The tax plan also outlines the measures to reform the R&D tax system, including allowing R&D reliefs for R&D activities undertaken outside the UK, the inclusion of cloud costs within the scope of reliefs, and an expansion of all qualifying expenditure to include all mathematics. 

“In his speech, the Chancellor admitted that the UK’s business R&D investment is still less than half of the OECD’s average as a percentage of GDP, which was quite an admission after 12 years of Conservative government,” says Shaun Beaney, ICAEW’s Corporate Finance Faculty Manager.

R&D tax credits have been a central incentive for innovation investment since 2000. They’re worth well over £7bn per annum, supporting 60,000 companies. But a report last year by David Connell of Cambridge Judge Business School questioned the effectiveness of such tax breaks in the specific venture capital and M&A context of the UK. “We’ll wait to see if Rishi Sunak is proposing to withdraw reliefs from some activities, having committed to expanding them in others,” says Beaney.

More change on the horizon

Frank Haskew, ICAEW’s Head of Taxation Strategy, says this is the start of another round of tax changes that we’re going to see over the coming months. “With his new tax plan, including the rise in the NIC threshold and the 1% reduction in the income tax rate from April 2024, the Chancellor appears to be effectively undoing some of the changes he introduced with the Health and Social Care Levy. The government will be giving away a significant proportion of the Levy it will be raising, a somewhat puzzling approach to tax policy, which calls into question why the Levy was introduced in such a hurry in September 2021.”

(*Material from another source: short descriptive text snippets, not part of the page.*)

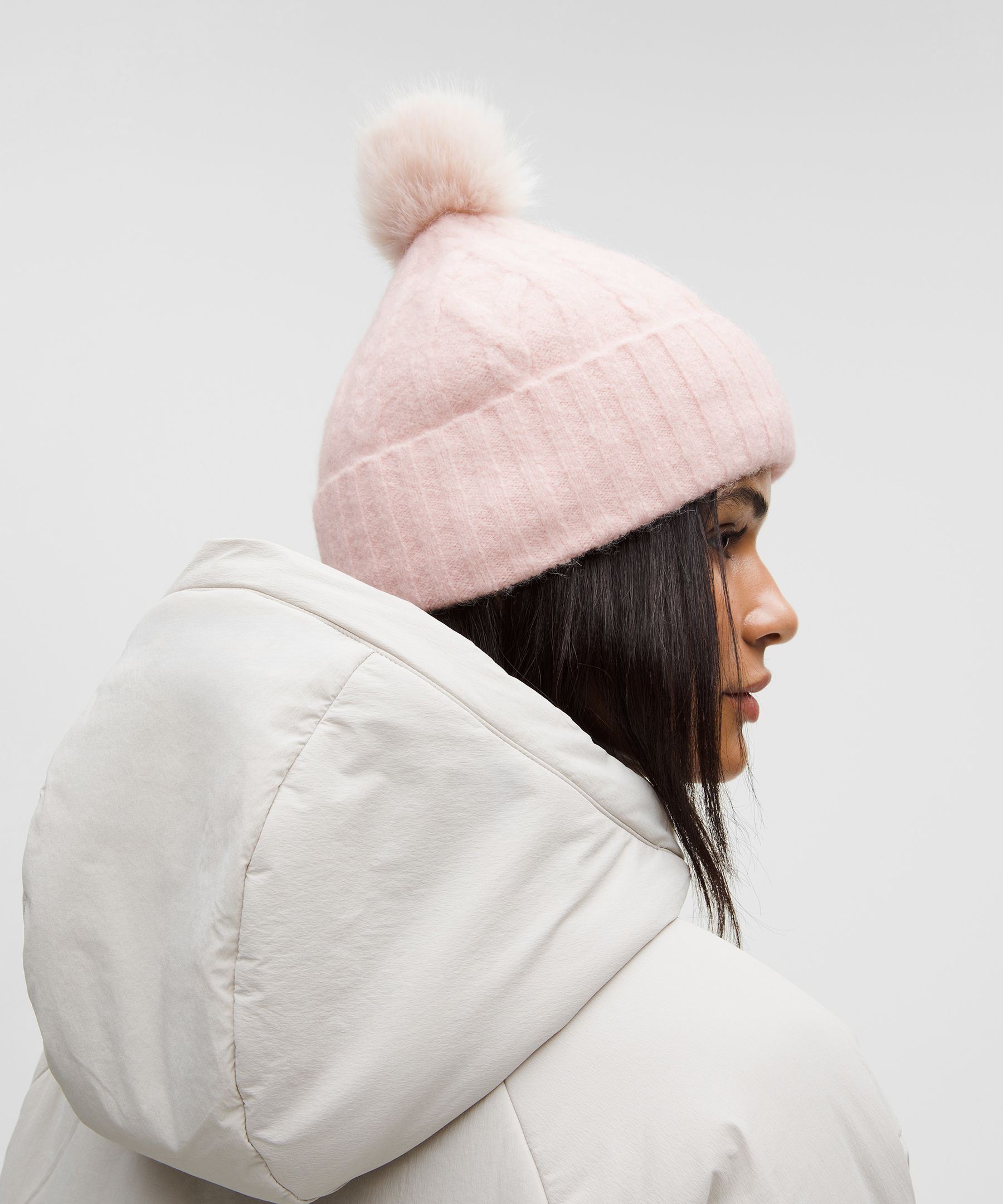 Lululemon Alpaca Wool-blend Cable-knit Fleece-lined Pom Beanie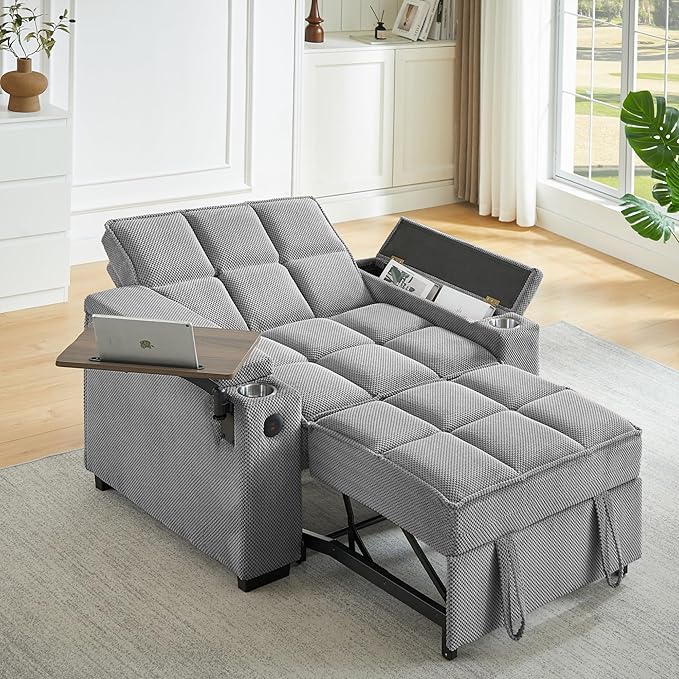 Large Size Convertible Sleeper Chair Futon Sofa Bed Comfortable thick cushion Single Sleeper Sofa Handheld storage and Adjustable Backrest | Reading Chair with Rotating small table (light gray)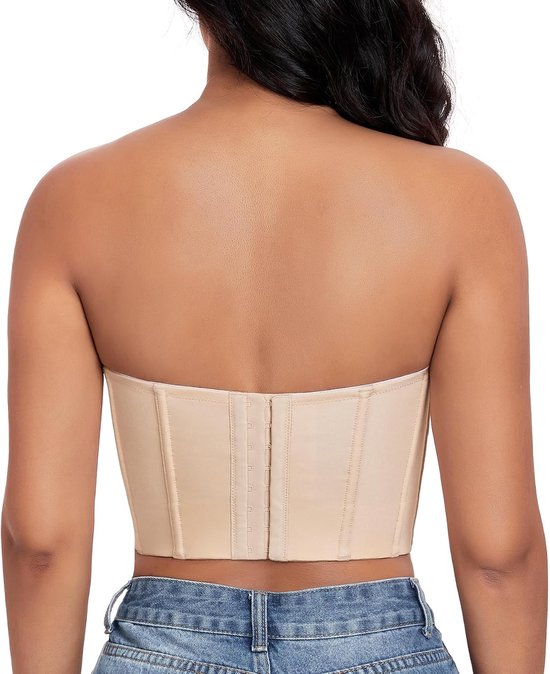 Damesbeha, strapless push-up beha, shapewear, ondergoed met beugel, grote maten, sterke ondersteuning, korsetbeha — afbeelding 2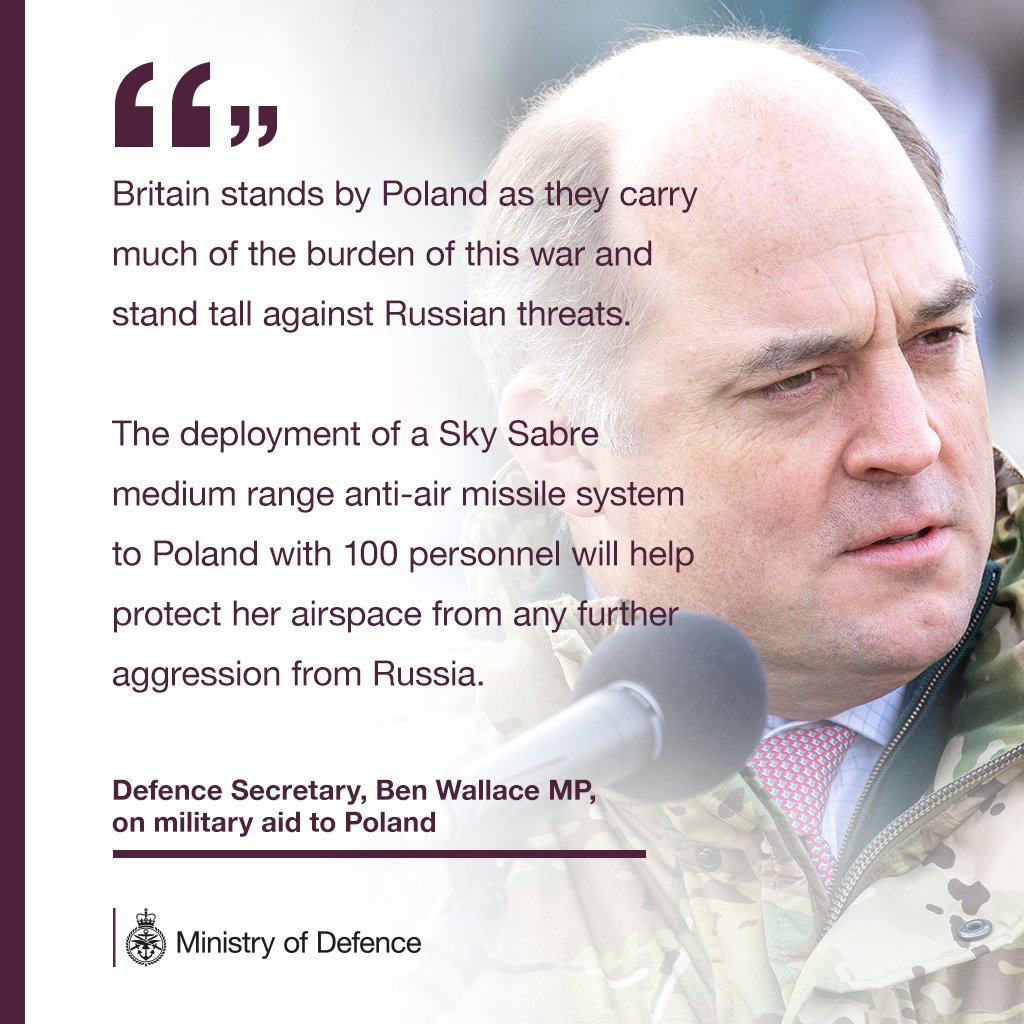 Statement by Defence Secretary Ben Wallace on military aid to Poland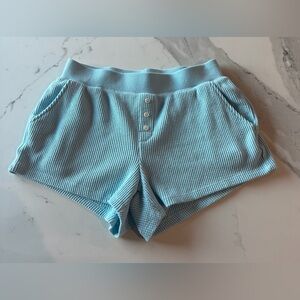 Auden Light Blue Waffle Knit Women's Lounge Shorts XS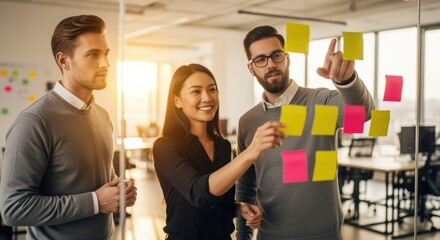 Three business professionals collaborate in a modern office space using colorful sticky notes on a glass wall. The diverse team engages in creative planning and brainstorming session.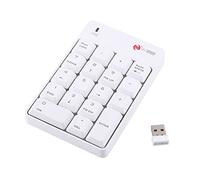 Clavier numérique USB sans Fil Zerone, Portable 2,4GHz, 18 Touches, pavé numérique pour Ordinateur Portable, Ordinateur de Bureau, Accessoires (Blanc)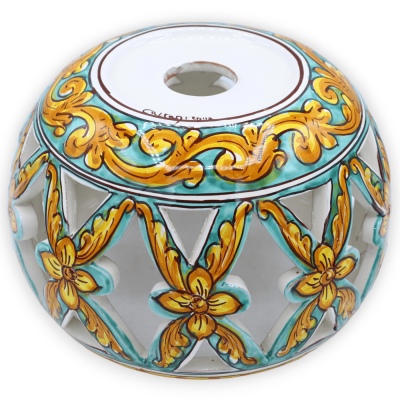 Perforerad ljuskrona i Caltagirone keramik, barockdekor - Ø 22 cm ca. Mod TD - 
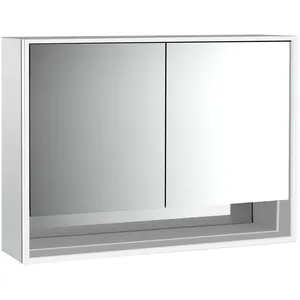 Emco, Armoire de toilette, loft armoire de toilette lumineuse avec compartiment inférieur, 1000mm, 2 portes, modèle appa (104.40 x 17.50 x 73.30 cm)
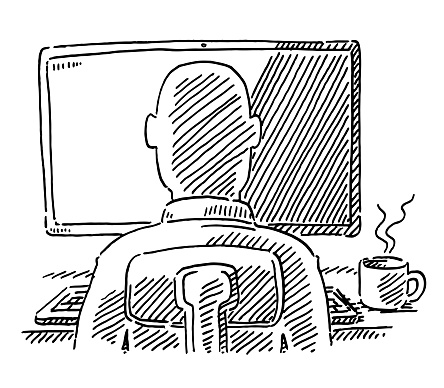 Hand-drawn vector drawing of a Man Sitting At A Computer, Rear View. Black-and-White sketch on a transparent background (.eps-file). Included files are EPS (v10) and Hi-Res JPG.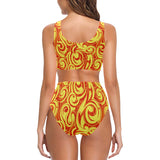 Fire flame design pattern Chest Bowknot High Waisted Bikini Swimsuit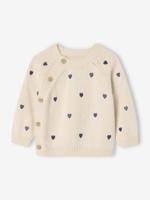 Babytrui met kleine geborduurde hartjes ecru - thumbnail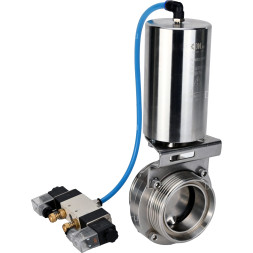 Затвор дисковый поворотный WBV3131S-2W-T-H Ду20 Ру10 резьбовой, пищевая нержавеющая сталь 304, уплотнение – Silicon, с пневмоприводом PA-SA-85 и пневмораспределителем 4V320-10 AC220V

Wheatcroft adds that it is likely that some of the announcements included in the Spring Statement were brought forward to ease tensions with backbenchers. “With members of his own party pressing for a delay in the NIC increase, I suspect the Chancellor felt pressure to bring forward measures that he may have been saving for later in the year, in particular his planned cut to income tax in 2024 and a tax plan that was likely set for a summer release ahead of the Autumn Budget.”